Album Review: Blonde on Blonde – Rebirth

The liner notes stole my word. Fantastic Voyage’s new reissue of the 1970 LP Rebirth by Blonde on Blonde includes well-researched liners that provide context about this British (Welsh, really) progressive outfit. And lead vocalist Gareth Johnson has a unique style that the liner notes succinctly peg as “declamatory.” Sadly there’s no suitably accurate synonym, so I’ll simply have to recycle the word. Declamatory.

Like many of the psych/progressive acts that came out of the late 60s scene, Blonde on Blonde had a style informed by a wide array of influences. Yet the group’s sound is fairly straightforward, with trebly, muscular bass lines, crackling drums, lots of fuzz and reverb on the guitars, and yes, declamatory vocals.

Instrumentation, too, is rather no-nonsense. You won’t find a lot of synthesizers or Mellotrons on Rebirth: piano and organ are the keyboards here. And the melodies are, at their core — based upon traditional songcraft. But despite all that, there’s a mannered, baroque delivery to the songs, tempered with an aggressive instrumental attack that sounds like — of all things — the Who.

The rhythm guitar on “Broken Hours” sounds a lot like the sort of slashing, jangly approach Pete Townshend used on Tommy. And though the drumming is precise, there’s enough of a hint of reckless abandon to warrant passing comparison to Keith Moon.

“Heart Without a Home” is the most accessible track on Rebirth. With a droning sound redolent of jaw harp or digideroo, and a pulsing bass line reminiscent of Norman Greenbaum‘s “Spirit in the Sky,” the catchy melodic line and memorable chorus all come together to sound like a hit. But Rebirth wouldn’t be hit-bound.

“Time is Passing” heads in much more of a progressive direction, with an acoustic guitar centerpiece that calls to mind Forever Changes-era Love. And the manic opening of “Circles” sounds like a cross between the Open Mind and early King Crimson; this is heavy prog not unlike that of equally-obscure UK psych/proggers Armageddon. Oddly, this track — not “Heart…” or the relatively poppy album opener “Castles in the Sky” — was chosen as the album’s single. The shockingly overdriven (and close-mic’d) guitar solo will either please or turn off listeners; there’s no middle ground. A single edit/mix is included as a bonus track on this Fantastic Voyage CD reissue.

The freakbeat-y “November” is another winner, but for anyone who doesn’t appreciate Johnson’s vocal style, this is the one that will push you past your limit. A spare arrangement gives sharp focus to the instrumentation that is included.

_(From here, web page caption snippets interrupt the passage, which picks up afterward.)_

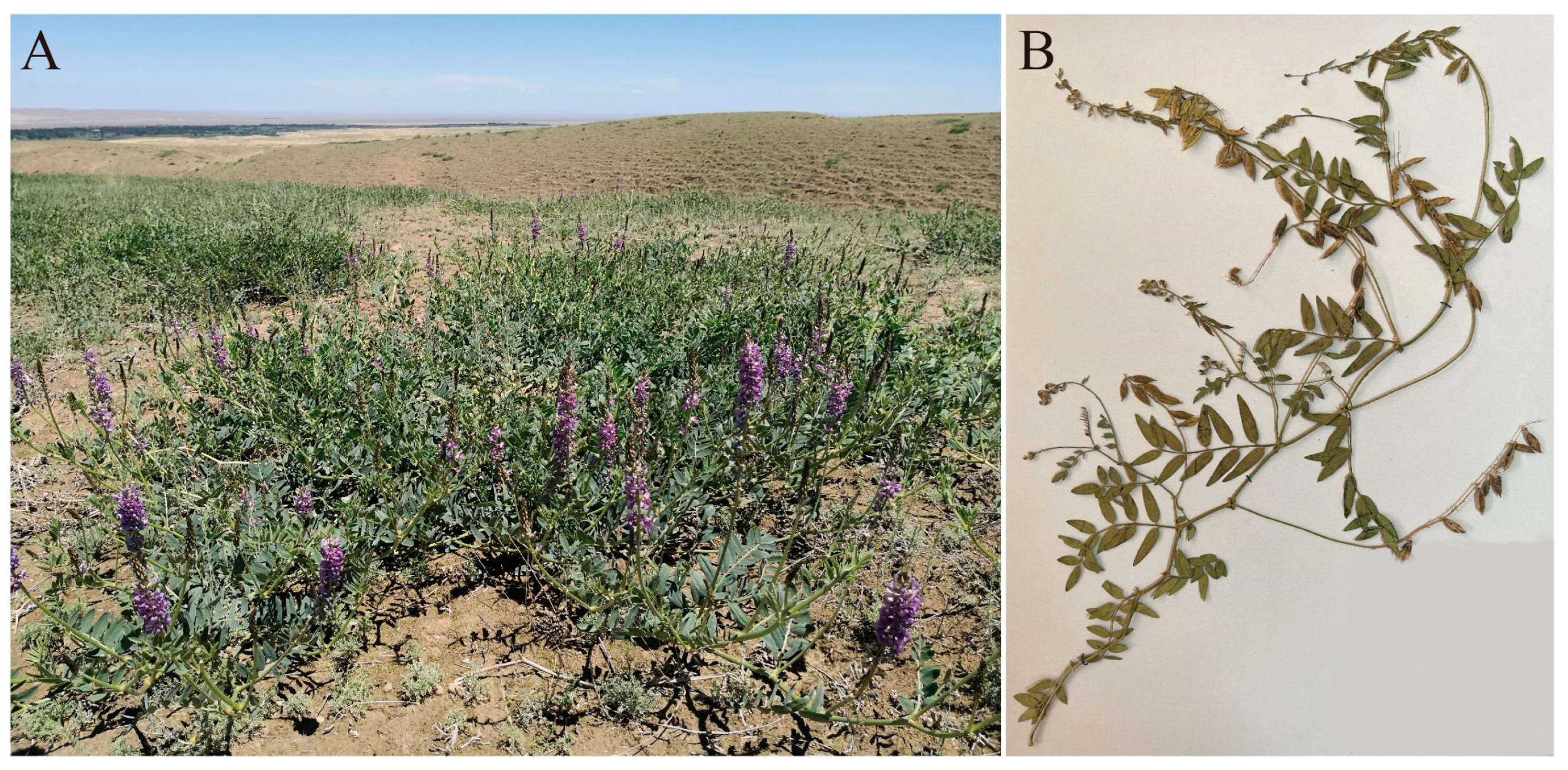 Agriculture 14 00850 g001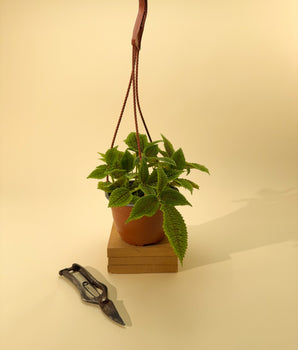 6" Pilea 'Moon Valley' (Hanging Basket)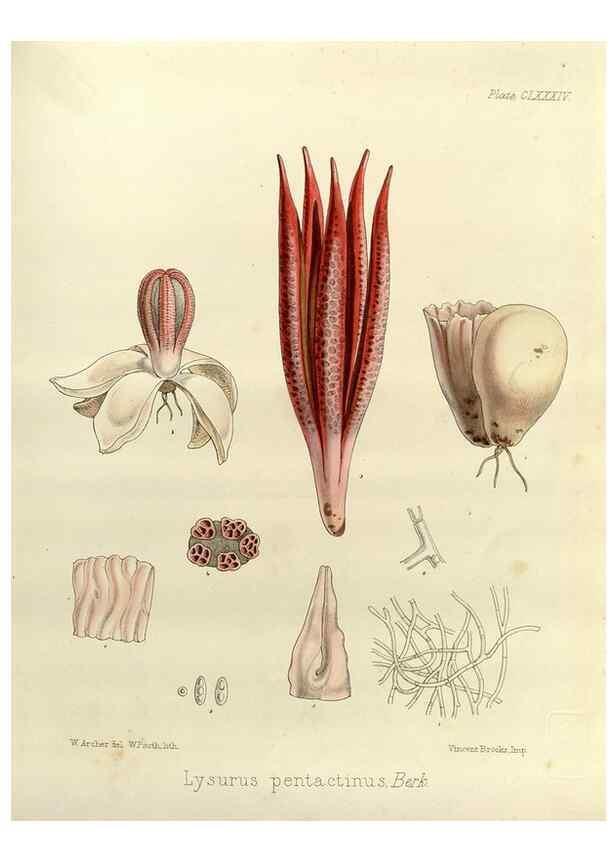 Reproducción/Reproduction 32986911661: The botany of the Antarctic voyage of H.M. discovery ships Erebus and Terror in the Years 1839-1843. London :Reeve Brothers,1844-1860.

Its twelve-plus minute runtime is a dead giveaway that “Colour Questions” is Rebirth‘s most ambitious number. Lots of shade and light here: long instrumental passages, the good old contrasts of loud/quiet, fast/slow, are all used to good effect. An especially psychedelic guitar approach has subtle hints of the Who’s “Sparks,” but the ambition of the track has more in common with “A Quick One (While He’s Away).” That said, listeners looking for the leavening effects a bit of humor might offer are advised to keep searching; it ain’t here. But “Colour Questions” is the high point of Rebirth, and a worthy exemplar of the heavy prog/psych genre overall.

Blonde on Blonde wisely ratchets the melodrama down a few notches for the album closer “You’ll Never Know Me / Release”. A bright, stately piano holds the song together. In fact, the group’s use of straight piano — rather than synths etc. — to achieve the progressive aesthetic is most effective on this track.

If you like progressive rock without all the hobbity gnomes-and-fairies trappings, preferring instead an aggressive, nearly malevolent instrumental attack, then Blonde on Blonde’s Rebirth is for you. Dig it.